A couple of weeks back, I was reminded of two things. First, why I do some of the “work” I do for CEF. (I use quotations because it’s hard to consider it work when you really like all the people you deal with all the time with CEF and our various partners). Second, I’m convinced that generations following mine will do more good and make more progress towards social justice than mine did. A tough admission for a Boomer as we often like to believe we are the last generation of change. The Summer of Love, draft resistance, Silent Spring and the beginning of the environmental movement, and all that. And yet here we are on the brink of climate disaster, we have political chaos in the US and elsewhere, to say nothing of the rampant violence and refugee crises’ that are washing over the world.
I attended two events that focused my mind in the way I mentioned. The first was WE Day in Vancouver. CEF has funded a number of projects through WE (formerly Free the Children) with great results. We get invited to WE Day in Vancouver as a result, and get to exult with the thousands of young people excited to be part of a movement to change people’s lives in Canada and around the world. I admit I can only last 2 hours as the energy in the arena is overwhelming. But in that time, in a way I don’t recognize, I see that change can happen. That kids can be engaged to care about what happens to others. Here, and in other places. To understand that your neighbour is as much the person next door and down the street as it is the girl in Ethiopia who wants to go to school. It’s a highly successful model that looks like it has lots of legs, and good for them!
The second event was interestingly even more reassuring. If you read our blog at all you will know about our great partner, KIDS, (Kids international Development Society) that does so much fantastic work in Cambodia. I love KIDS and like to attend their fundraising dinner in Nanaimo in the fall every year. KIDS has attracted lots of wonderful people to their cause, particularly in Nanaimo, but it is an eight year old girl who has stolen my heart and the show the last two years.

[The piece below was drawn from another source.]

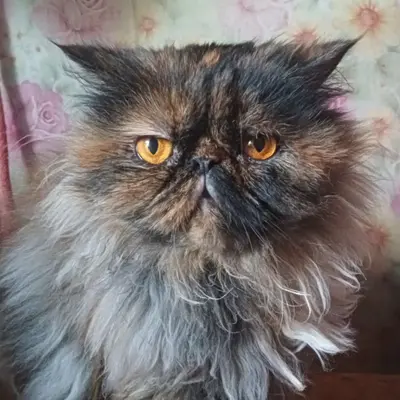 Обложка сбора
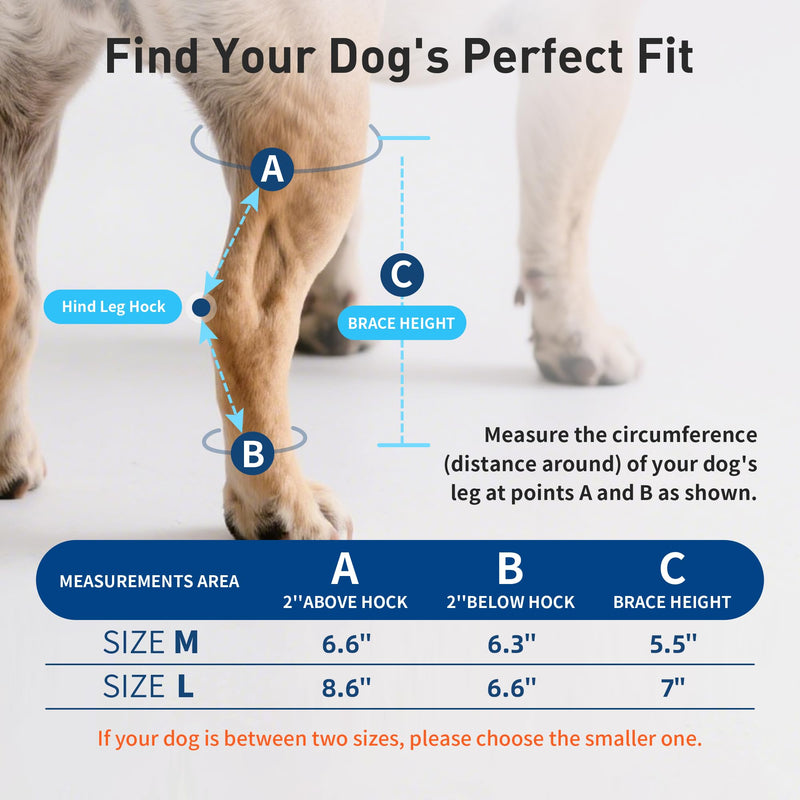 Dog Leg Braces – Adjustable Double straps reinforcement – Protects Wounds and Helps Heal Hind Legs Rear Ankle Joint – Hock & Ankle Support for Senior Dogs, ACL & Ligament Injury Recovery (L) L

Sumalee is 8. She is of Thai/Canadian/British/Polynesian heritage and was born in Nanaimo and adopted by a wonderful couple there. She is marvelously dedicated to KIDS and to helping others, and can raise money like a slot machine. Sumalee spends her summers creating handmade Christmas cards (all the time playing Christmas carols in July!! And driving her folks nuts), which she then sells (hundreds of them) to help support programs for kids in Cambodia. She has a pen pal who she corresponds with. She has parties that raise money. And she has given the keynote talk at the KIDS function for the last two years. And brought the house down both years.
Imagine the 8-year-old, standing on a chair behind a lectern, giving a talk about her recipe for being a Global Citizen. I am assured by her mother that she has written this herself. She has the audience wrapt in a way I have only seen a few speakers do at a fundraiser. Paraphrasing her “recipe” is this:
A) understand what you are interested in seeing happen in the world: girls going to school, clean water, families able to support themselves. OK, got that?
B) what are you passionate about doing in the world? Singing? Art? Dancing? Hosting parties?
Whatever it is, take B and use it to support A. And voila. You are a Global Citizen. And imagine the 8-year-old making us laugh and sigh and then we give her a standing ovation.